Gıda güvenliğinin artırılması için ilk ve en önemli koşulun gıda arz zincirine yatırım yapılması olduğu belirtilen ve potansiyel yatırım destek programları ile bu alanda standartların güçlendirilmesinde ana görevin devlette olduğu kaydedilen raporda, AB ile gıda güvenliği alanındaki düzenlemeler arasında bulunan boşluğun kapatılması için uzun vadede, rekabetin güçlenmesi, büyümenin desteklenmesi ve kırsal istihdam için kritik nokta olduğu da kaydediliyor.

Tarımla ilgili bölümünde; Türkiye'nin büyük ve çeşitli ürünlere dayalı gıda ve tarım sektörüyle rakipleri karşısında avantajlı olmasına karşın, uluslararası ticarette sıkılaşan koşullara uymamanın pazar payı ve istihdamda düşüş getirebileceği ifade edilirken, durum, “Türkiye taze ve işlenmiş meyve-sebzede mutlak karşılaştırmalı üstünlüğe sahiptir. Bu ürünler yüksek ihracat özelliği sergilemektedir” denilerek ifade ediliyor.

Değişen tüketici tercihlerinin yönlendirdiği çağdaş bir kentli tüketici piyasasının yükselmekte olduğuna, gelir artışı, kentleşme ve genç nüfus artışının daha iyi kalite, marka, paketleme ve daha sağlıklı gıda talebi olduğu irdelenen raporda, Türkiye'nin gıda-tarım ihracat piyasalarının son derece büyüdüğü, ancak çeşitlilik ve sofistike olma niteliğini koruduğu da anımsatılıyor.

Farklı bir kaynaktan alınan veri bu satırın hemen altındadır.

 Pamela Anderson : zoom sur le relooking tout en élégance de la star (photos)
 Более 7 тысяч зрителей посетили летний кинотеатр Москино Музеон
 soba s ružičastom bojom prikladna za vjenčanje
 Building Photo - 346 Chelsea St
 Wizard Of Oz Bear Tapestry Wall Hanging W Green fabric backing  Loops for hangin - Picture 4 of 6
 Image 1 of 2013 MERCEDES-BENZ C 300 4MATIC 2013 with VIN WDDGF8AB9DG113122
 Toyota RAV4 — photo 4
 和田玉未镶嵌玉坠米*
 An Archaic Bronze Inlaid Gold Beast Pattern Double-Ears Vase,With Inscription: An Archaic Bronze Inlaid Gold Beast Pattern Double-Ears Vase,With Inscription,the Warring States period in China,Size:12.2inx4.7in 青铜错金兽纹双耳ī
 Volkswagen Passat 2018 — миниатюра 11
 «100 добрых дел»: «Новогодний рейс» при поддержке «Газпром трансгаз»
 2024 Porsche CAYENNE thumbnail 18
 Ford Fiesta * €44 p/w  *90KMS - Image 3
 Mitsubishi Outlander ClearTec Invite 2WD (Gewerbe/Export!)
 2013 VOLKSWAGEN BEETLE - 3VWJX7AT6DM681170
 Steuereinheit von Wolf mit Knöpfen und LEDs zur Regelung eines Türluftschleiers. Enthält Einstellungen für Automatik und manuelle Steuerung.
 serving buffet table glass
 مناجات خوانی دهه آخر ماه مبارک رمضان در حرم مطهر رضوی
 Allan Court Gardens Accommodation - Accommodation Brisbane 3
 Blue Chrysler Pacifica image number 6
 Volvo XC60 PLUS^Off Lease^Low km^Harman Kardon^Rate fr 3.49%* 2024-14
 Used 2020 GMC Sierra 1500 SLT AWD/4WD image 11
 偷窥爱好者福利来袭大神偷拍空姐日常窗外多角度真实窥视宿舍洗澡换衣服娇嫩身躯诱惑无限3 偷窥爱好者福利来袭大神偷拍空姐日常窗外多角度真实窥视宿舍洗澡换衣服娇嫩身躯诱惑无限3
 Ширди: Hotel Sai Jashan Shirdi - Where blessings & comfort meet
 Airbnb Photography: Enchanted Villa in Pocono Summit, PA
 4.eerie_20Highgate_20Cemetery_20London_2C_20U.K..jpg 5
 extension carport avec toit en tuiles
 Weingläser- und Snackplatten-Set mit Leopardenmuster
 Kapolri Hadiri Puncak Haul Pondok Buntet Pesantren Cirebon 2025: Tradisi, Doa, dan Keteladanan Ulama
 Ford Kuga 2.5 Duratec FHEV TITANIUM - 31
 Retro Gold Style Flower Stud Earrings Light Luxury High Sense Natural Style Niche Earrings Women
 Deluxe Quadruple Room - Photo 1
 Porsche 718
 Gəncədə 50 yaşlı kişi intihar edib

Gıda işleme sanayinin bölünmüşlük ve kayıtdışılık gibi karakterize sorunları bulunduğu belirtilen rapor özetle şöyle tamamlanıyor:

“Ülkedeki tarım gıda tesislerinin kesin sayısı bilinmemektedir, çünkü istatistikler bir kaynaktan diğerine büyük ölçüde değişmektedir. İstatistik kurumu sadece 27 bin 543ü vergiye tabi 40 bin işletme kaydetmiş, bunun yanında TOBB, 50 kişiden fazla kişi çalıştıran 16 bin 780 tesis olduğunu açıklamıştır. Türk gıda tarım tesislerinin yüzde 90ı küçük ve orta büyüklükteki işletmelerdir. AB'nin ilk 25 ülkesindeki gıda işletmelerinin sadece yüzde 37’sinin 50den az çalışanı bulunmaktadır.”